*** Begin section ***

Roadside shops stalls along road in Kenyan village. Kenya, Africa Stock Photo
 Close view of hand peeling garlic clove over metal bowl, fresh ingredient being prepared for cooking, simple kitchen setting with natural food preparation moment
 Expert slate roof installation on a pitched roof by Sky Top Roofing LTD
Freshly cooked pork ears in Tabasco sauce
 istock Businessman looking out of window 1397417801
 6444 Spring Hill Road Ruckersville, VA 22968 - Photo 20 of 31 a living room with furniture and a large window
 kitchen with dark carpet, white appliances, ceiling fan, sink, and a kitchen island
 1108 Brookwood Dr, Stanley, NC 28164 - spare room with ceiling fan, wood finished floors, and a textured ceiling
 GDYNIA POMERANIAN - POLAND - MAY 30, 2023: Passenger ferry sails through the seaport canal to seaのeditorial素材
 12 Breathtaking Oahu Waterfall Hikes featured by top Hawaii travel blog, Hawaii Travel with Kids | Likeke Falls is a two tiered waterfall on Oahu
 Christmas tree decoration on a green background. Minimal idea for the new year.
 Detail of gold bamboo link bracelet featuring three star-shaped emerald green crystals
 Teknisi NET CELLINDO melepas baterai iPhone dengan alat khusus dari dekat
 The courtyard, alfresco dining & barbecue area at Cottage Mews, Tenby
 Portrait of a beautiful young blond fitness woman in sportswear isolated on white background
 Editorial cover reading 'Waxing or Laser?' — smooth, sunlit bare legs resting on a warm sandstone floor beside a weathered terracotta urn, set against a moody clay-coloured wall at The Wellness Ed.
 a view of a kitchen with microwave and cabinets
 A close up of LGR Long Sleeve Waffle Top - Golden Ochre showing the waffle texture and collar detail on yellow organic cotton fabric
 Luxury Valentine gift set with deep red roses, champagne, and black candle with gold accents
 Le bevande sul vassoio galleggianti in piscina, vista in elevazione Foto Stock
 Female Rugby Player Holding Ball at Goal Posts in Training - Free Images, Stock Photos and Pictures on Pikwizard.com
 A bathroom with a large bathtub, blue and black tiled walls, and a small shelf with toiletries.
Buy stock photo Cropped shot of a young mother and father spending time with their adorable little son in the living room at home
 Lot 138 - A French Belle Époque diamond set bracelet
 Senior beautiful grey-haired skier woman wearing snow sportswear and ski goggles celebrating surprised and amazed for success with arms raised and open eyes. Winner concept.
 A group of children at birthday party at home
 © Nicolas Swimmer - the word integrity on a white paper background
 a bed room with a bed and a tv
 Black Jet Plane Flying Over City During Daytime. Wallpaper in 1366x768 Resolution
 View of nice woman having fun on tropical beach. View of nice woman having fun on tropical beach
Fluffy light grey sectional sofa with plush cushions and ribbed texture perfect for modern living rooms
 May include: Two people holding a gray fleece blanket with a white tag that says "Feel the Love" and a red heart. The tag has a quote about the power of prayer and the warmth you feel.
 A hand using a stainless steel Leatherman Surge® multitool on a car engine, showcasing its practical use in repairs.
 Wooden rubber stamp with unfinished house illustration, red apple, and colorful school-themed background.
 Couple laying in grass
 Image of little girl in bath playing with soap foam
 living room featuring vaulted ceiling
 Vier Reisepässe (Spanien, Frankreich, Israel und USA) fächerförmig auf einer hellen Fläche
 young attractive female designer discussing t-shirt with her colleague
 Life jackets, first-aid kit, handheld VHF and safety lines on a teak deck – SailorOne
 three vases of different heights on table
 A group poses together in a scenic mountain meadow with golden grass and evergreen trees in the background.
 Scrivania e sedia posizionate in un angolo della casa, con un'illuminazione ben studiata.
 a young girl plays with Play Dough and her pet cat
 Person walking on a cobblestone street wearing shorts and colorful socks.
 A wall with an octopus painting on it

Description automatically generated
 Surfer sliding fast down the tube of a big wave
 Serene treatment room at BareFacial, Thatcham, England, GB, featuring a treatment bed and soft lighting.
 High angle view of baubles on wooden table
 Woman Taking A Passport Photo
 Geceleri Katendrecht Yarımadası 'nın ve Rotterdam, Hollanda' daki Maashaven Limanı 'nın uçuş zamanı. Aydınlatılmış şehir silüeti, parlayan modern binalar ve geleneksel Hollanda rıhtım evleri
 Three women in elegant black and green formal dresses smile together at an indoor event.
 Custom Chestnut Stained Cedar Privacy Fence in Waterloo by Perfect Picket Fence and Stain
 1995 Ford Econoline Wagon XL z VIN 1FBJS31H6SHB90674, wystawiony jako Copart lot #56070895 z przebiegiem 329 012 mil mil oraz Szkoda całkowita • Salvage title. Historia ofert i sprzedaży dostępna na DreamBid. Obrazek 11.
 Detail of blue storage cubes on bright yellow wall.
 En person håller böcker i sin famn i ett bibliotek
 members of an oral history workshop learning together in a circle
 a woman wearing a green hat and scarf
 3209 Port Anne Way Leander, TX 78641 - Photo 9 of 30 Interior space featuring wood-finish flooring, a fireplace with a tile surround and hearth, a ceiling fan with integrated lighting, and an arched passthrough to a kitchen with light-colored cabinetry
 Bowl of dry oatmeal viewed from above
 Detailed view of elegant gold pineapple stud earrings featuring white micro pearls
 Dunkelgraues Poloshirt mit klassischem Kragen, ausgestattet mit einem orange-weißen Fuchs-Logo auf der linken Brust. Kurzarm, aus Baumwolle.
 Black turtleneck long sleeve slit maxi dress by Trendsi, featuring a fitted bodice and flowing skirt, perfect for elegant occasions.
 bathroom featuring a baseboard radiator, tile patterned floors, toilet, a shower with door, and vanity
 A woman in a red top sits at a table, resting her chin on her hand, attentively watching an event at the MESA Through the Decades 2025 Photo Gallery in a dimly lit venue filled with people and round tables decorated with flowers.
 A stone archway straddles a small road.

*** End section ***

▶ What is needed:
Within the material above, output exactly the lines from the one with "Dunkelgraues Poloshirt mit" through the one with "bathroom featuring a", end lines included, and nothing besides.

▶ Finished exercise:
 Dunkelgraues Poloshirt mit klassischem Kragen, ausgestattet mit einem orange-weißen Fuchs-Logo auf der linken Brust. Kurzarm, aus Baumwolle.
 Black turtleneck long sleeve slit maxi dress by Trendsi, featuring a fitted bodice and flowing skirt, perfect for elegant occasions.
 bathroom featuring a baseboard radiator, tile patterned floors, toilet, a shower with door, and vanity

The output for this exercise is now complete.